Two If By Sea

By 1775, the British Prime Minister, Lord North, had had enough. He and Parliament had made conciliatory gestures to the troublesome North American colonies twice already. The first by repealing the Stamp Act in 1766 and the second by repealing the Townsend Acts in 1770. He was not going to do the same with the Coercive Acts. In January 1775, North ordered General Thomas Gage, the Governor General of Massachusetts and commander of the occupying army in Boston, to arrest the nucleus of the shadow government, the Massachusetts Provincial Council, who controlled most of the colony outside of Boston. The Massachusetts Provincial Council met in the crossroads town of Concord and was instrumental in raising rebel “minuteman companies” of militia (because they said they were ready to fight at a minute’s notice) to oppose the British. In February 1775, Parliament and King George III officially declared the Massachusetts Colony in a State of Rebellion.

In April 1775, Gage correctly believed that the radical patriot group Sons of Liberty were behind most of the overt acts of rebellion. On 14 April, Gage finally received Lord North’s specific instructions. On 15 April 1775, Gage received intelligence that two of the Sons of Liberty’s most important leaders, Sam Adams and John Hancock, were in Lexington, 12 miles away. The Massachusetts’s Provincial Council had just adjourned until May and Adams had orders to go to Philadelphia immediately. Furthermore, loyalist spies also reported there were cannon, gunpowder, and muskets for the minuteman companies located further up the road at Concord. As he had several times before, Gage organized a column of troops to capture Adams and Hancock before they departed, and seize the stores from the rebels. Every regiment he commanded wanted to take part in the raid. Because the march to Concord was over 40 miles there and back, he assembled his best troops, the light and grenadier companies, from the regiments in his army.

At 9 pm on 18 April 1775, the tireless Dr. Joseph Warren, one of the few remaining Sons of Liberty in Boston, informed William Dawes and Paul Revere to be prepared to ride.

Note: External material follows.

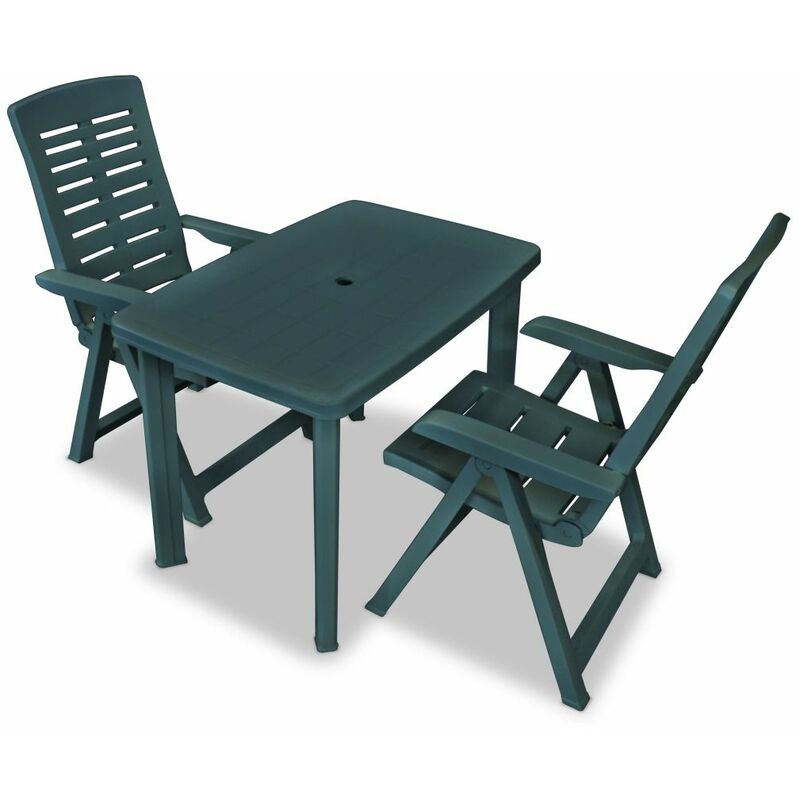 

Set de mesa y sillas bistro de jardin 3 piezas plastico verde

Both Dawes and Revere were couriers for the Sons of Liberty, and Revere had even warned Lexington and Concord of the impending raid two days before. But a general alarm to raise the minuteman companies was beyond Warren’s sole authority. The Massachusetts’s Provisional Council required the five members of the Committee of Public Safety to unanimously vote to raise the alarm. Warren was the only member in Boston. Three were staying at the Black Horse Tavern in Menotomy, across the river, and the fourth was in Charlestown. Traveling and gathering them up for the vote would take time and possibly cause a later alert, if the British moved while he was away. He decided to stay and personally oversee the placing of the lanterns in the Old North Church

Dr. Warren was waiting for the British to move before sending the initial signal. Revere had actually coordinated the system two days before but it was left to Warren to actually initiate it. If Revere and Dawes saw one lantern in the steeple, the British raiding force was moving via the Boston Neck; if there were two lanterns, they moved by boat across the Charles River estuary. They would then alert the countryside of the British Army’s movements and raise the minute companies; Dawes by the Neck and Revere by rowing to Cambridge first. The two riders were to meet Samuel Prescott, a Concord native, just past Lexington to make the journey to Concord. Neither Revere nor Dawes were familiar with the roads west of Lexington and Prescott was to be their guide.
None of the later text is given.